O estudo utilizou dados da Amil, Bradesco Saúde, Golden Cross, Medial Saúde e SulAmérica Saúde. "Para medirmos os índices de variação dos custos médicos hospitalares contratamos a Towers Perrin", contou Cechin.
O reajuste dos planos individuais é definido pela ANS com base na variação média das mensalidades praticadas nos contratos coletivos, livremente negociado entre as partes, em um período de doze meses. O economista argumenta que as seguradoras e seus clientes empresariais podem mudar o desenho dos planos para conseguir um reajuste menor e só isso já torna o método ruim para aplicar o mesmo índice no plano individual, que não pode ser alterado em razão da Lei.
Nos planos corporativos é possível colocar uma franquia para o uso de consultas e exames, limitar a inclusão de agregados e reduzir a rede conveniada. "A solvência das operadoras e a proteção dos consumidores depende de um índice de reajuste das mensalidades que espelhe o crescimento dos custos assistenciais", explica Cechin.
O estudo cita o avanço da tecnologia; novos protocolos de tratamentos; aumento do custo de materiais e medicamentos; envelhecimento da população; e as liminares para coberturas de eventos não cobertos contratualmente. "É a chamada inflação médica", diz Cechin. Na Alemanha, por exemplo, enquanto o índice de inflação evoluiu 3,64% entre 2002 a 2004, o custo médico cresceu 10,36%. Nos EUA, a relação foi de 7,79% e 48,11%. Na Suíça, 1,3% e 24%. No Brasil, 31,55% e 43,61%.
O estudo cita a artroscopia (cirurgia de joelho), com variação de preço de 328% no período de cinco anos. A angioplastia aumentou 278% no mesmo período. No item de tratamento ambularial, o destaque ficou com o câncer de mama, com aumento de 8.547% no período de cinco anos.

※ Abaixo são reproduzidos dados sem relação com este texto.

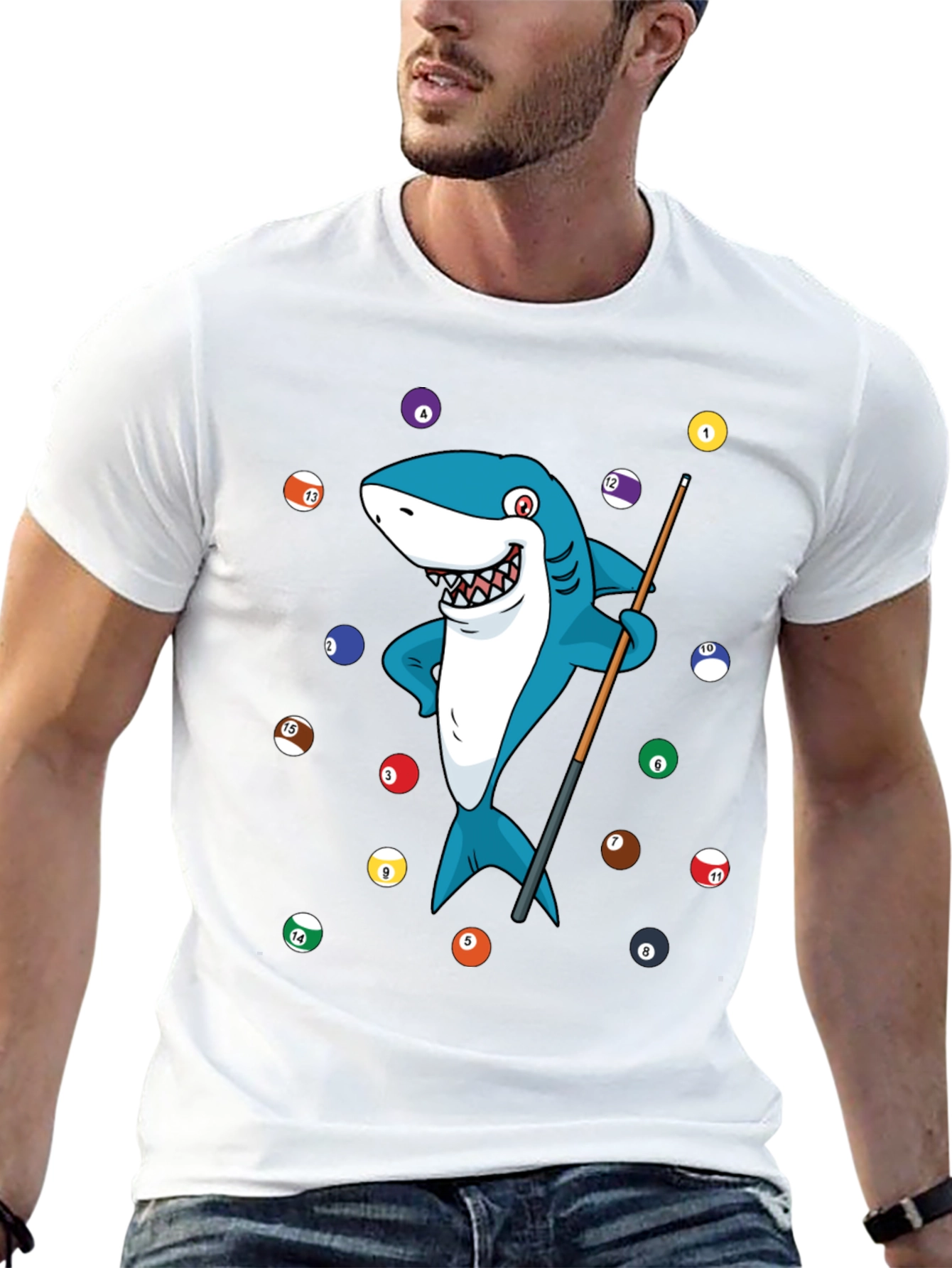 Black Shark Pool Player Graphic Tee view 13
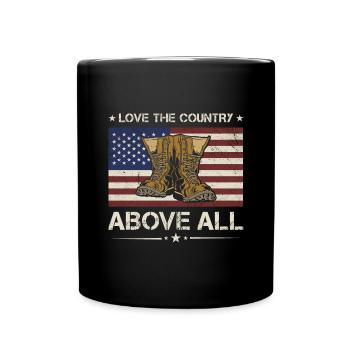 America Love The Country Above All Army Veteran - Full Colour Mug - black - Front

Além de mostrar a necessidade de um índice médico e não de inflação, o estudo defende um índice individualizado, por tipo de plano, perfil etário, distribuição geográfica. "Um índice único facilita a divulgação aos usuários, mas pode trazer mais desequilíbrios do que benefícios ao sistema." De acordo com o estudo, a variação dos custos para as seguradoras foi de 12,95% no período e para as empresas de medicina de grupo de 10,16%.
Executivos lembram o caso da Transbrasil. O governo limitou o reajuste de preço das tarifas aéreas entre 1985 a 1992 e gerou um sério problema para o setor. A Transbrasil venceu o processo judicial contra o governo com indenização de R$ 1 bilhão. E há também a Varig, que pode receber R$ 7 bilhões. Vasp e Tam também têm ações na Justiça. Isso abre precedente a qualquer outra empresa que tenha tido prejuízo com o tabelamento de preços do governo.

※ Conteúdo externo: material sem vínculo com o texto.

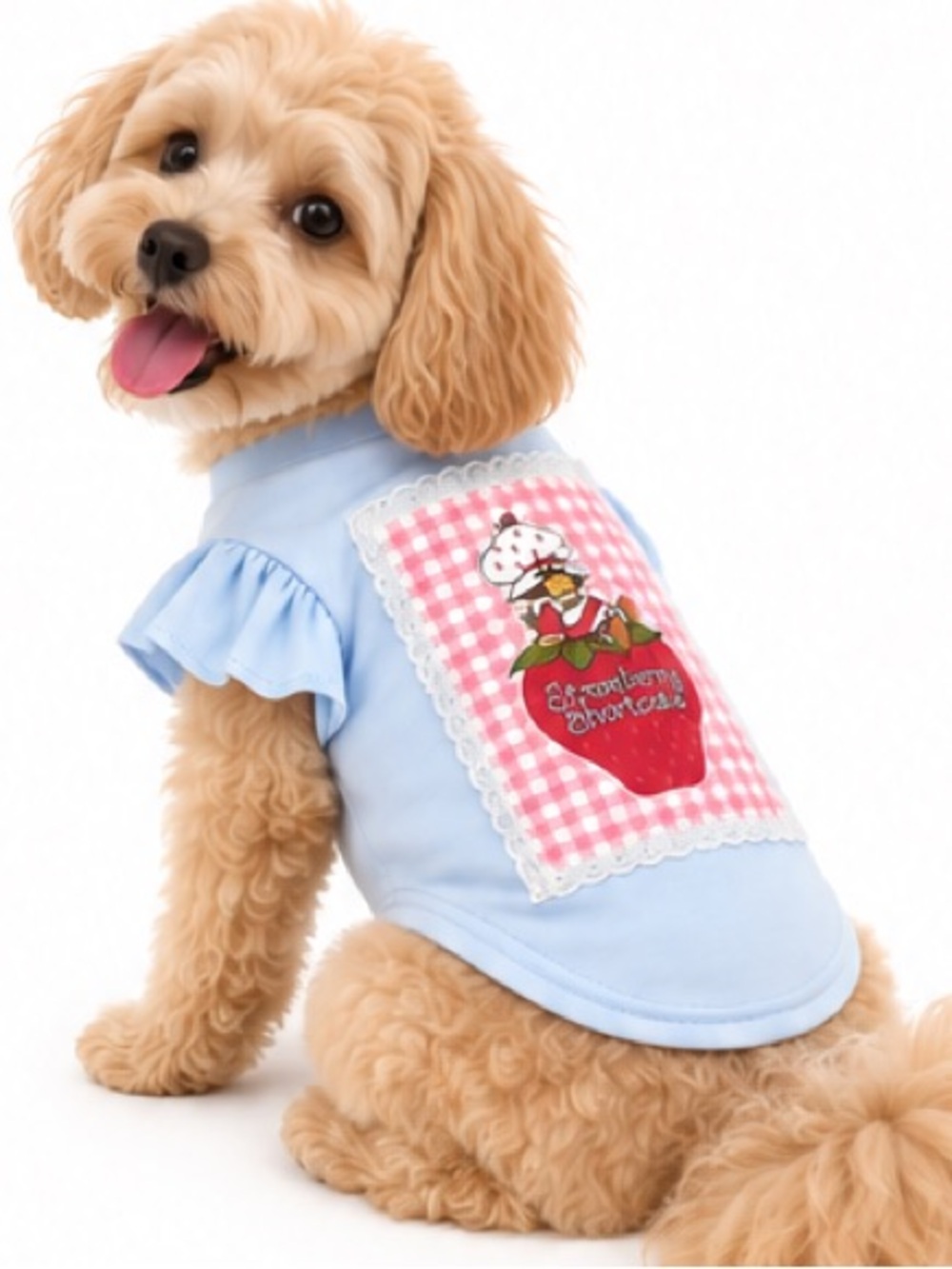 NEW - Strawberry Shortcake Dog Shirt Medium Blue Ruffle Pet Outfit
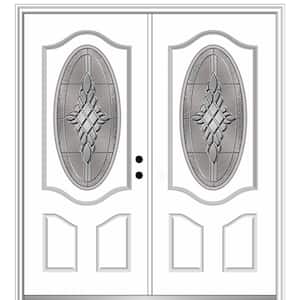 72 in. x 80 in. Grace Left-Hand Inswing Oval-Lite Decorative Primed Fiberglass Prehung Front Door on 4-9/16 in. Frame
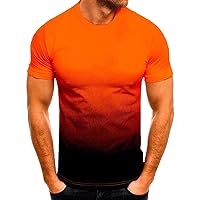 Mens Short Sleeve Shirts Casual Gradient Color Workout Fitness Pullover Tee Shirts Summer Fashion Athletic Sweatshirt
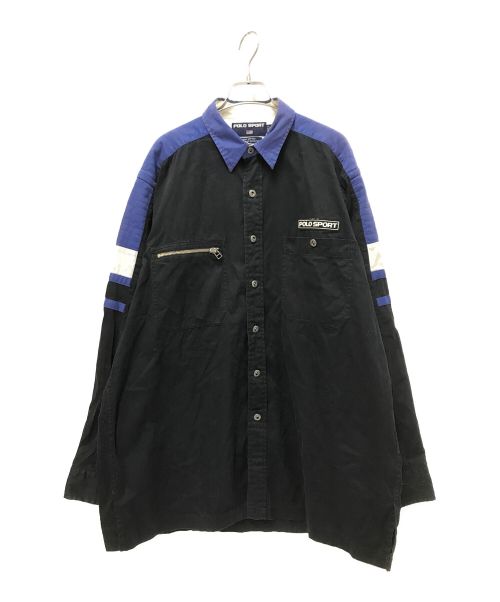 POLO SPORT（ポロスポーツ）POLO SPORT (ポロスポーツ) 90's ARCTIC CHALLENGEシャツ ブラック×ブルー サイズ:Lの古着・服飾アイテム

Não foi à toa que o governo apelou para uma regulamentação tão engessada com a Lei 9.656, de 1998. Naquela época, a maior fatia do lucro das seguradoras que operavam com saúde vinha deste segmento, até então sem regulamentação. Saúde era também o campeão em reclamações nos órgãos de defesa do consumidor pelos abusos cometidos por várias empresas. "A regulamentação foi necessária. Mas certamente precisa de ajustes, pois da forma como está inviabiliza o bom funcionamento do setor", afirma José Cechin.